[fpc-other] Git & SVN
Marco van de Voort
marcov at stack.nl
Tue May 23 22:19:46 CEST 2017
In our previous episode, Karoly Balogh (Charlie/SGR) said:
> > how to avoid that a push of member X doesn't leave a branch in an
> > undesirable state that leaves member Y three choices:
>
> How to avoid that member X with commit write access doesn't leave a branch
> in SVN in an undesirable state? :) You have to trust people, and choose
> who you give write access to a given branch/repository, really. This
> didn't really change and not an argument against git.
Trust is that people are not deliberately doing things. For accidental
things there are tools (except GIT, apparently)
> And well, in Git you don't push, but people who want to contribute, have a
> pull request. Then you can review that, and either apply to your tree or
> reject it. It's important to understand that in git all repositories are
> equal, and that I have a "make-amiga-great-again" branch, doesn't mean
> that you should have it, I could still send a pull request against your
> master branch, or whatever branch. All pull requests are just a set of
> changes, really.
Yeah, blabla, distributed, anarchy, world domination. I though I did mention
I wanted practical info?
> > 1. push anyway and make the mess worse
> > 2. hold the commit/push
> > 3. clean the mess himself.
>
> Well, ideally
I was not asking for ideally. I was asking very specifically how a GIT in a
FPC team group would work.
And no, sending 40+ pull requests to all members of core does not count. So
there is one golden repo and that is what I'm talking about.
> easily. It's the responsibility of the maintainer of a given branch to
> accept that pull request or not, or request further changes before its
> accepted.
So tool failure is fixed by throwing manpower at it?
We don't have an approval person now, so a requirement to that would IMHO be
a dealbreaker for GIT.
> And talking about myself - as much as I enjoy just committing my crap to
> trunk, I sometimes would really prefer review. Not because I'm not a
> senior engineer, but especially because of that... Now if I don't want to
> do a branch in SVN which are huge and expensive (Git branches are cheap
> and small), I either have to commit it first anyway to trunk, then ask for
> a review, or send a patch for review first in e-mail, which is quite
> cumbersome. Plus there's absolutely no warranty, that I later commit the
> same patch which was reviewed.
I would like to have lots of extra manpower too, but I rather not spend it
on what in practice would be rubberstamping commits (and delays in
distribution till something is approved if the reviewers are AFK).

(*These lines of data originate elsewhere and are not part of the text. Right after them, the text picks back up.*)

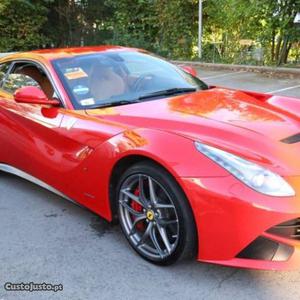 Ferrari FF berlinetta f12 Julho/13 - à venda -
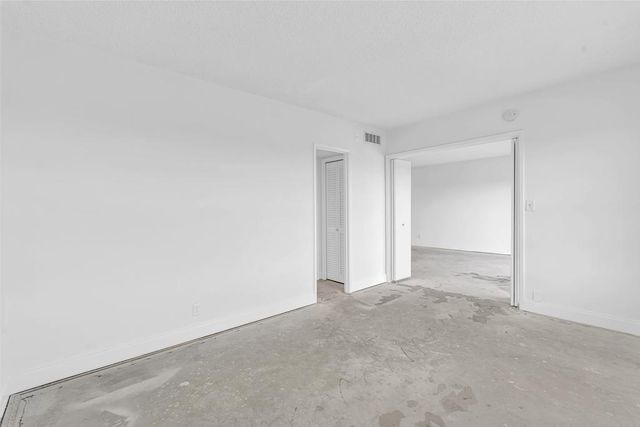 2950 N Palm Aire Drive 607, Pompano Beach, FL 33069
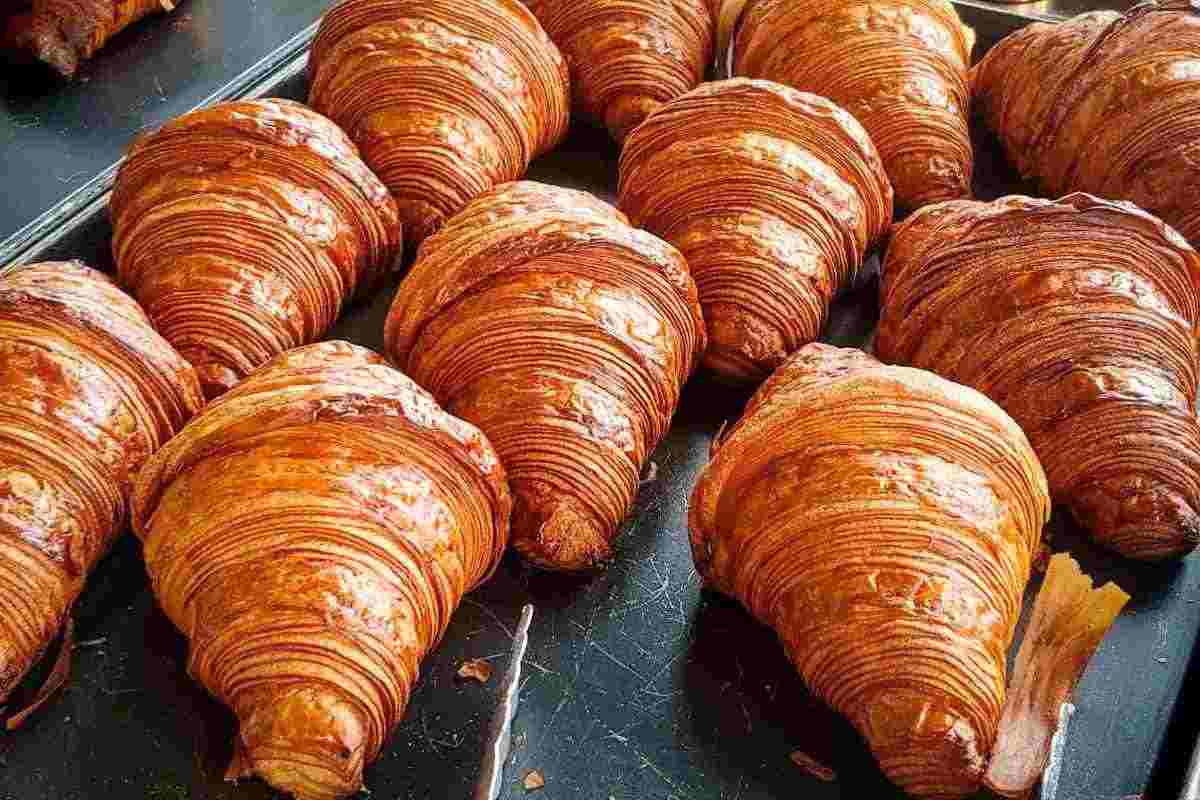 ricetta dei cornetti fragranti e soffici, ecco come fare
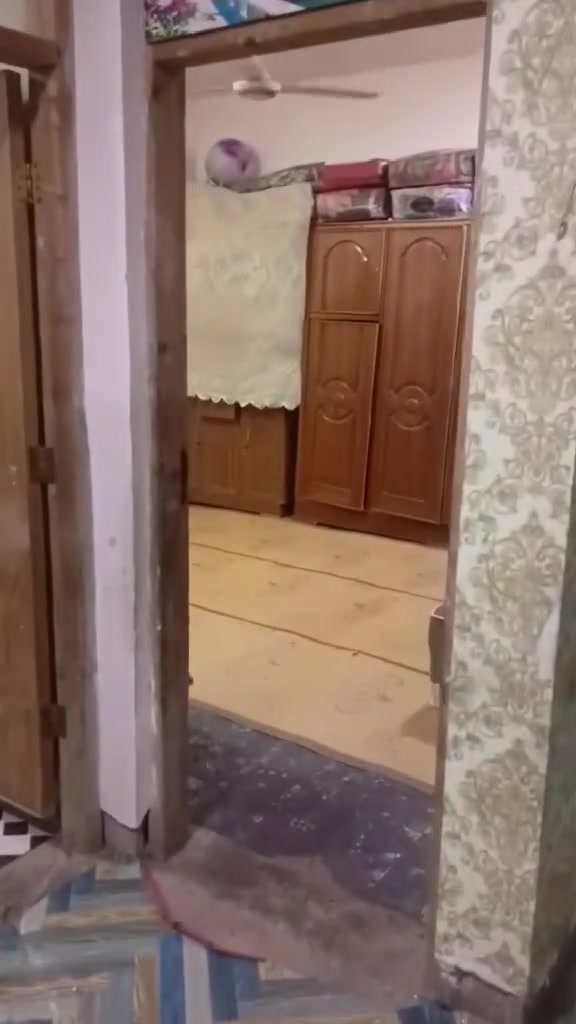 لسلام عليكم بيت للبيع مساحته 75 الواجهيه 7ونص ول  نزال 10 مثل ما تشوف بل فيديو العنوان الكماليه البستان قرب جامع سيد الشهداء للتواصل ***********
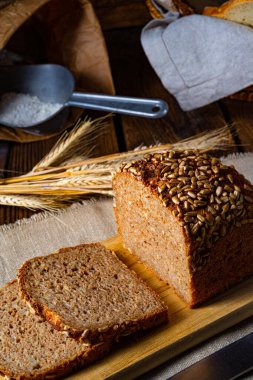Nemli toptan ekmek, ezilmiş ya da bütün tahıl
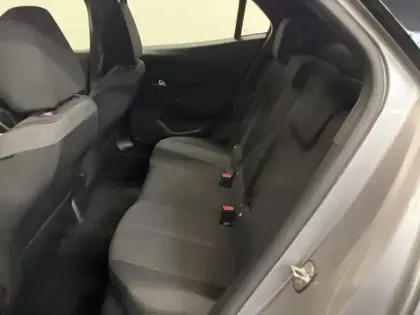 Photo 17 Peugeot 2008  PureTech 100 S&S BVM6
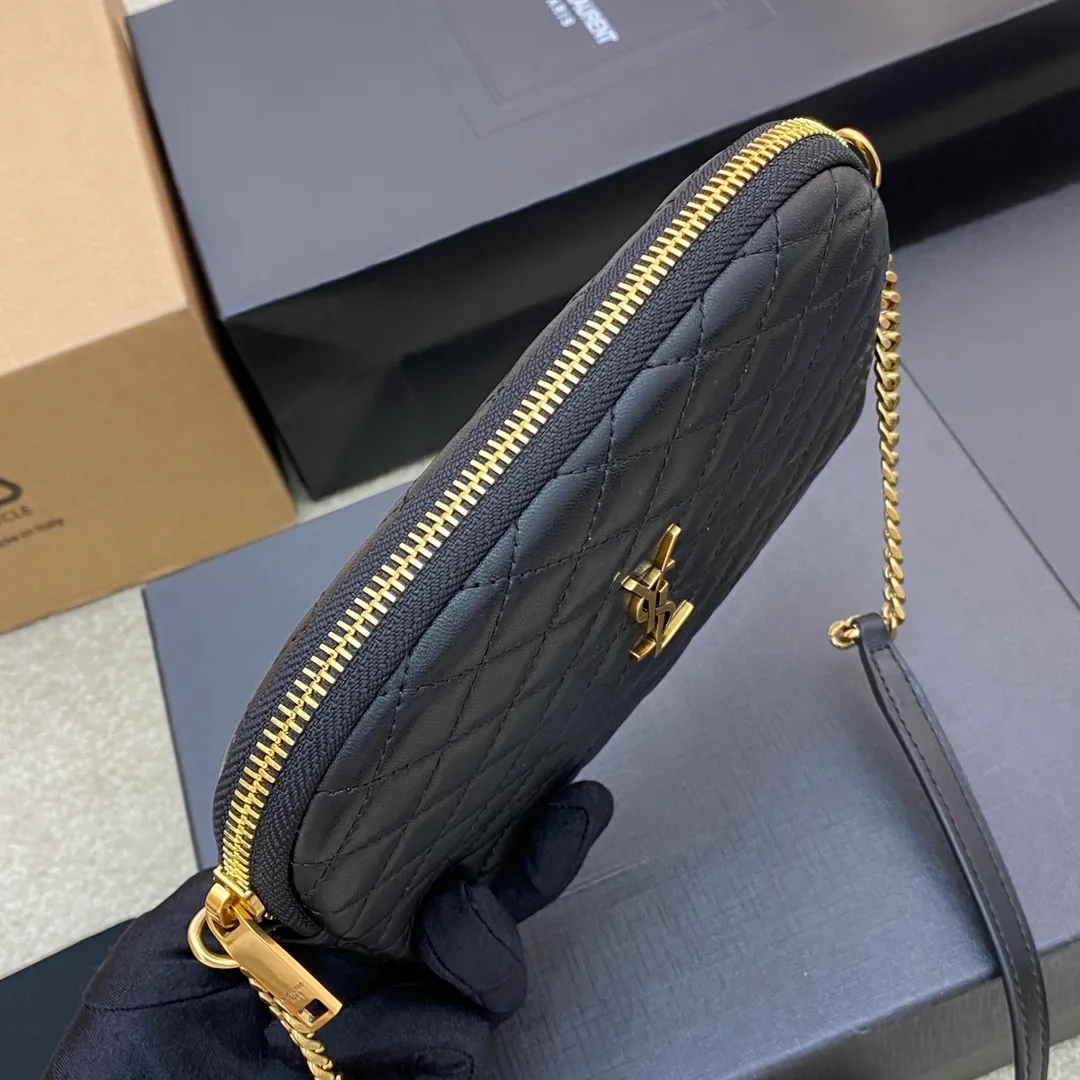 Black sheepskin/gold 🌈YSL's new GABY quilted sheepskin chain shell bag, equipped with classic YSL logo, soft original sheepskin material, adjustable chain length: 57cm, light bronze metal hardware, sheepskin lining👍20220650 Model: 733667 [original leather] Size: 13x9x3.5cm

This is exactly what I wanted to avoid with the primary case posed in this
subthread: how to avoid blocking the central repo for commits (from a
practical viewpoint)
> At work, I don't even push against master, but I do a pull request against
> my own repository, and ask one of my senior colleagues to review... I
> don't know about you, but to me this sounds a lot more like teamwork, than
> going around beating up people "for wrongdoing" with a cluestick.

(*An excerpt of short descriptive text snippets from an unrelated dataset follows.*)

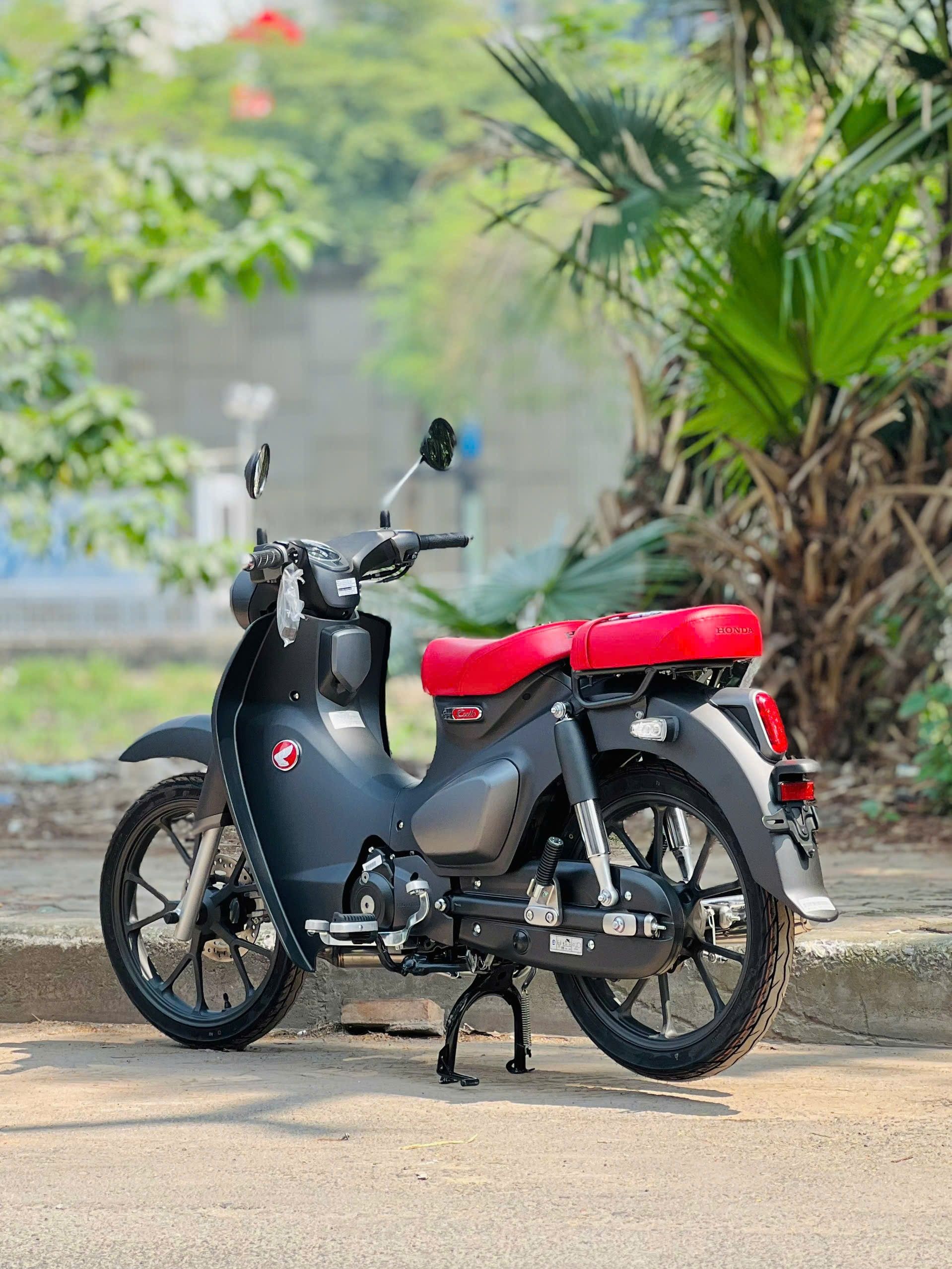 Honda super cub 125 new đen Honda super cub 125 new đen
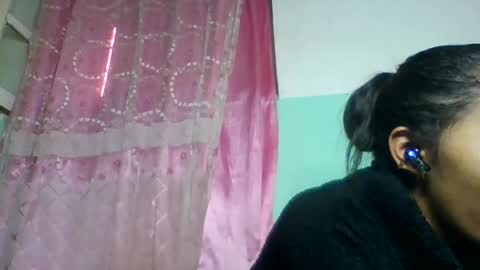 Snapshot of eliah193653 chatting on June 13, 7:39 am eliah193653 online show from June 13, 7:39 am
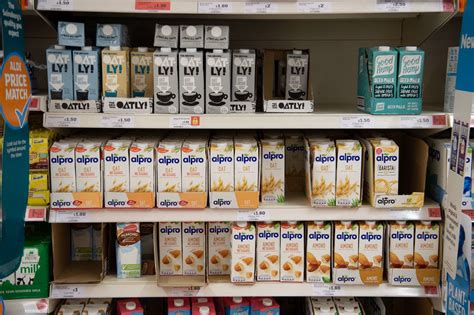 Diversité des laits végétaux dans un supermarché
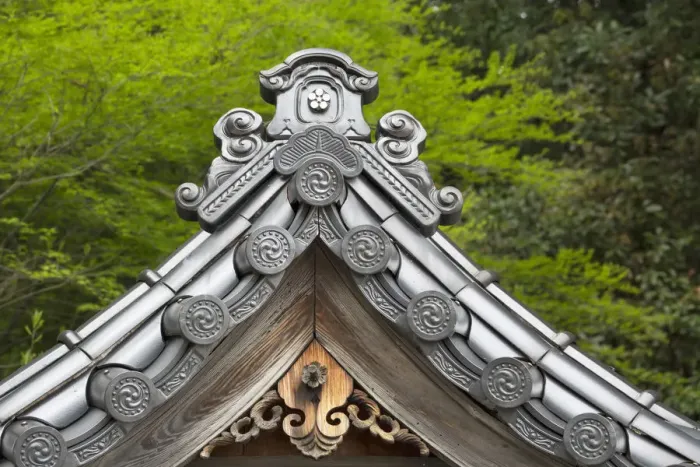 Framed Print : Roof detail of Onagatenmangu Temple, Hiroshima, Hiroshima Prefecture, Japan Framed Print : Roof detail of Onagatenmangu Temple, Hiroshima, Hiroshima Prefecture, Japan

Then you don't understand what I mean. In the job you go see the person,
work something out, and problem sorted in a few minutes. The odd impossible
person is usually swiftly dealt with.
In distributed, volunteer driven, projects, people are away/nonresponsive for
extended periods of time, working hours (and days) don't match. Also working
this out via mail is much less productive.

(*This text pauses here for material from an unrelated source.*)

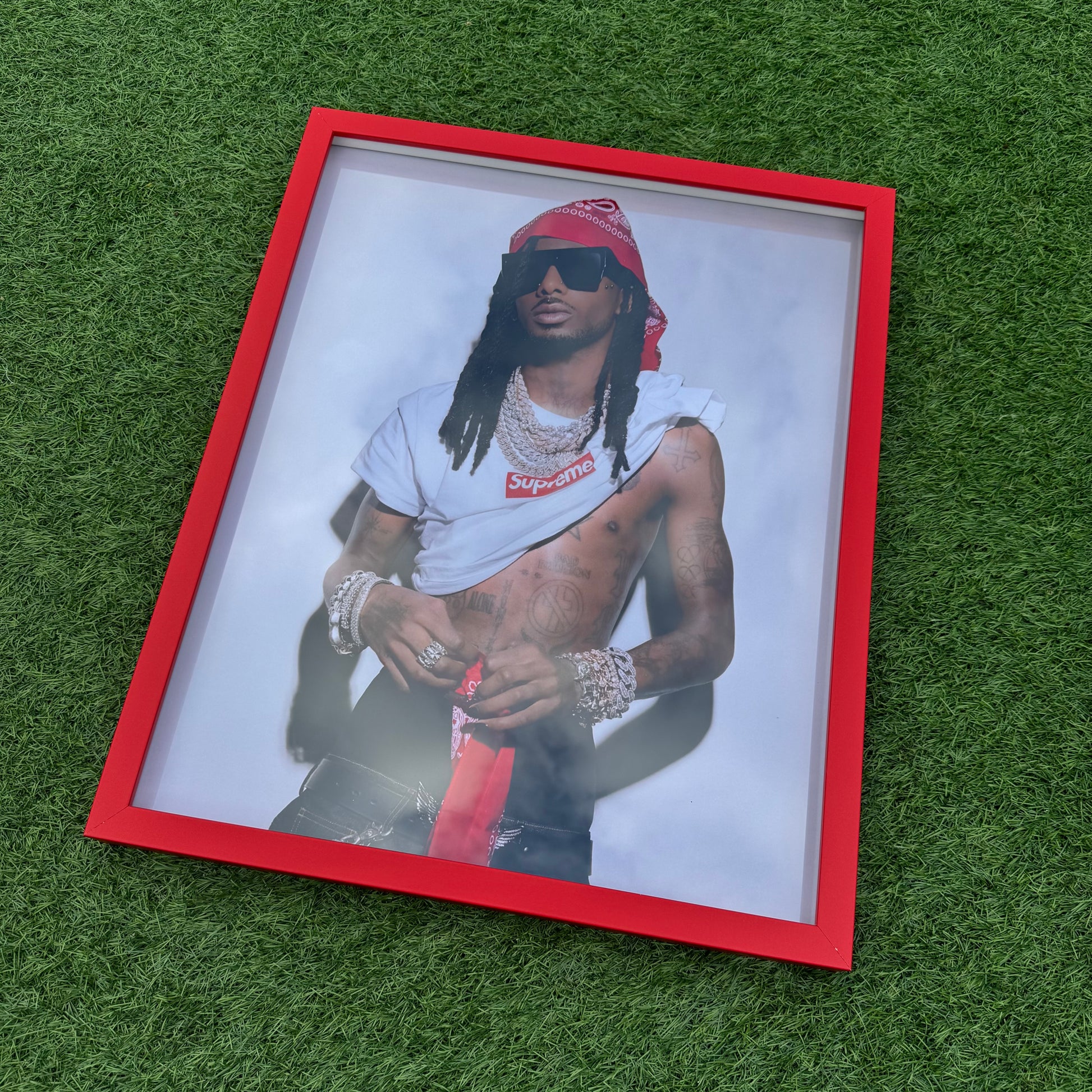 POP OUT JUMBO POSTER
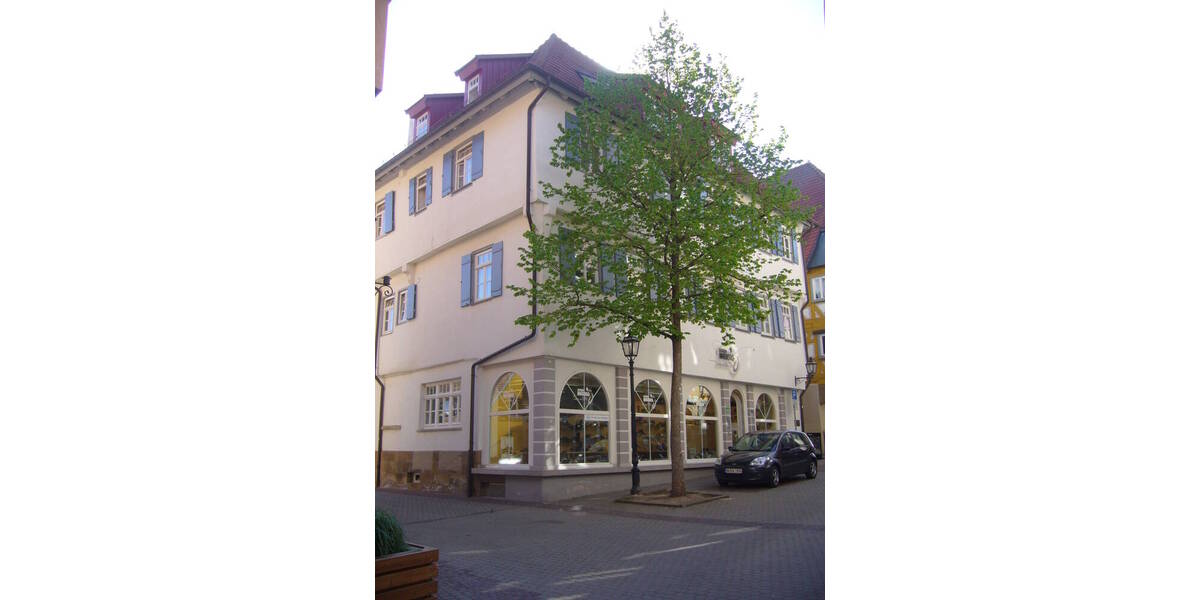 Etagenwohnung Brackenheim - 3 Zimmer, 87 m&sup2;, 890&euro; | Angebot:26400787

> Of course in the end it's just like crypto - you need to have a chain of
> trust from the top, a group of trustees who will do the actual merging of
> the pull requests, reviews and then push it upstream/mainline/trunk. If
> one of these maintainers do a bad job, then you need to sort out that
> problem, but that doesn't mean the whole system is broken. It's similar to
> giving commit access to a developer who doesn't deserve it in SVN, really.
I know what an honor-system is. It doesn't protect against mistakes the day
before holiday. Remember the old locking VCSes ?
> Now, how the actual process would look with the FPC team, that's hard to
> define at this point. But the tools are there for it.
>
> Was this a proper answer, or I was beating around the bush in your views?
> :)
Sorry to say, but I didn't find anything new or usable in this post. It is
the standard "think different" nonsense from a very idealist viewpoint,
little practical details.
So I now give up this thread (and GIT).